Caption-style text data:
····················

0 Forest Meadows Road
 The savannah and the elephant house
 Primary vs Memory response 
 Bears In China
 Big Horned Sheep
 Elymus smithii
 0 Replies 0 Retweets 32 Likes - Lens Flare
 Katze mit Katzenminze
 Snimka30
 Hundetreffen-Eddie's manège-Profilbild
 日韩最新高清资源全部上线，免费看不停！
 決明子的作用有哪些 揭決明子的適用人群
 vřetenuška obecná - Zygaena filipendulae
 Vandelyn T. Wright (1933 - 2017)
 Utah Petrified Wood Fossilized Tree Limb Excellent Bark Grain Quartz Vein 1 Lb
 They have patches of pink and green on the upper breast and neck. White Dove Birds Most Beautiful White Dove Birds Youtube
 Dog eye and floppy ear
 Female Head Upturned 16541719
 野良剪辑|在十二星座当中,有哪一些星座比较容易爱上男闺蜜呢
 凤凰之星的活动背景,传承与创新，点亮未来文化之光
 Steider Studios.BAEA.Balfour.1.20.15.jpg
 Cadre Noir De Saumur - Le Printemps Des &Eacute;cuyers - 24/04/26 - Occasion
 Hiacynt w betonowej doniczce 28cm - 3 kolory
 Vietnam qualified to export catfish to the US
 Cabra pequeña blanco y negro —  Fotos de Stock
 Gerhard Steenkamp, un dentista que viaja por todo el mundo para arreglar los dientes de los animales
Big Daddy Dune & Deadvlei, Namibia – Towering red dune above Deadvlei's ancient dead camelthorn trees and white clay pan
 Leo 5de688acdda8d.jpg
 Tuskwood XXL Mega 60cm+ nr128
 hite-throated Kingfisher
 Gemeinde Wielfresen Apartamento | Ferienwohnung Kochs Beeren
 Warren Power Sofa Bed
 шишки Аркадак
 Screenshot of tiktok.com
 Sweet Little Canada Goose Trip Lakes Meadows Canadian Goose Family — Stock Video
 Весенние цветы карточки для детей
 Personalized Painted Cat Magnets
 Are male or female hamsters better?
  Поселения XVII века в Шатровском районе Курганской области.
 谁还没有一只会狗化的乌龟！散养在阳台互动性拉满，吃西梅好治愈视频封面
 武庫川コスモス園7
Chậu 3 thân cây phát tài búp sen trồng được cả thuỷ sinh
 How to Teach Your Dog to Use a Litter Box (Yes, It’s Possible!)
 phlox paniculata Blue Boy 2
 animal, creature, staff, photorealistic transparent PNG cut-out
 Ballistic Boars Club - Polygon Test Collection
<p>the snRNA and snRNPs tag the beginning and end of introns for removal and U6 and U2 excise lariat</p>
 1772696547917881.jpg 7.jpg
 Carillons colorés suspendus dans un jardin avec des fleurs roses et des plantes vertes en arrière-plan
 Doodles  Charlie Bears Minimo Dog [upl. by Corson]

····················

Activity: Which lines above run from the one containing "Leo 5de688acdda8d.jpg" down to the one containing "Personalized Painted Cat Magnets"? Repeat exactly those, both ends included, and nothing else.

Written reply:
 Leo 5de688acdda8d.jpg
 Tuskwood XXL Mega 60cm+ nr128
 hite-throated Kingfisher
 Gemeinde Wielfresen Apartamento | Ferienwohnung Kochs Beeren
 Warren Power Sofa Bed
 шишки Аркадак
 Screenshot of tiktok.com
 Sweet Little Canada Goose Trip Lakes Meadows Canadian Goose Family — Stock Video
 Весенние цветы карточки для детей
 Personalized Painted Cat Magnets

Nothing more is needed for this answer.